The Committee also criticised as 'poor practice' the fact that the Home Office has not published new enforcement guidance until 31 December 2020 at 11pm, when the existing guidance ceased operation.

"Subsequent checks after 1 January found pages that said - unhelpfully: 'The Brexit transition period has ended and new rules on claiming asylum in the UK now apply. This page is currently out of date.' This is equally poor practice," the Committee added.

Due to the lack of clarity, the Committee asked the Home Office for more specific details about how the Rules changes would operate. The report features a number of quotes from the Home Office explaining the purpose and operation of the changes.

The Home Office told the Secondary Legislation Scrutiny Committee: "The policy objective is to operate a deterrent against migrants choosing to pay large sums of money to people smugglers and criminal facilitators, and undergo dangerous journeys across Europe and across the Channel … The system is intended to discourage secondary movements within Europe once a migrant has reached safety — including those dangerous journeys across the Channel."

When asked for more specific details about how the changes would operate, the Home Office explained it would vary on a case by case basis, saying: "When an individual makes an asylum claim, we will gather any evidence, verbal or documentary, of claimants having spent time in or having connections to a safe country. This could include biometric evidence, passports, legal papers, employment papers, bank statements, invoices, receipts and other similar documents (this list is not exhaustive). An account of the individual's immigration history will be taken as part of their asylum screening interview to fully understand the chronology and detail of how the person came to the UK. Evidence of a person's method and place of entry to the UK and their known or probable place of embarkation by Home Office officials or another person in an official capacity will be taken into consideration."

In response to a question by the Committee on what would happen to asylum seekers deemed inadmissible, the Home Office said: "A person will be regarded as an asylum seeker up to the point of being deemed, formally, to be inadmissible. At that point they would be a failed asylum seeker. Both asylum seekers and failed asylum seekers can access support to prevent against destitution (in accordance with our obligations under the ECHR.) Our powers to detain are linked closely to an ability to remove within a reasonable period of time. If that is possible, therefore, detention is an option. If not, we are looking at different accommodation models for our asylum intake generally."

If no third country was willing to take the failed asylum seeker, the Home Office explained: "If returns are not, ultimately, possible within a matter of months, a person will be admitted into the asylum system."

In conclusion, the Lords Secondary Legislation Scrutiny Committee stated in its report: "These changes in the Rules may alter an individual's status to failed asylum seeker more quickly or perhaps limit their ability to have the decision reviewed, but it is not obvious how, in the absence of a clear enforcement policy, it will deter secondary movements. The House may therefore wish to ask the Minister for details of how the 'robust returns' policy is to be delivered and the deterrent effect promulgated."

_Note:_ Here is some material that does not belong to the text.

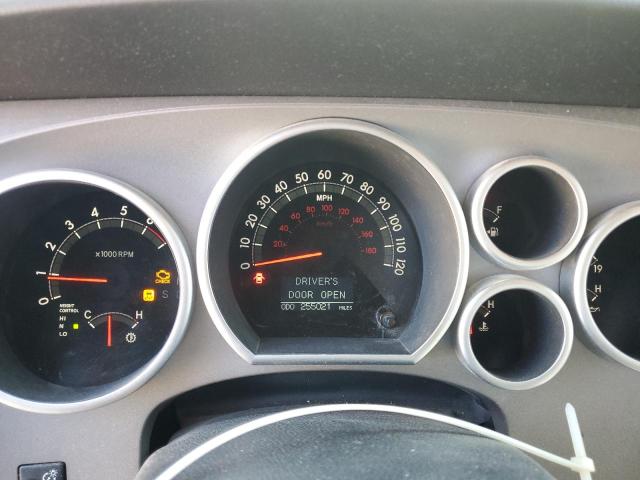 2012 TOYOTA SEQUOIA PL - 5TDDW5G17CS058068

It should be noted that this is the second time in recent months that the Secondary Legislation Scrutiny Committee has raised concerns over a statement of changes to the Immigration Rules. As we reported on EIN in November, the Committee found that October's very lengthy statement of changes to the Immigration Rules (HC 813) made parliamentary scrutiny "virtually impossible", as it was "wholly unjustified" of the Government to combine so many policy areas in a single statement.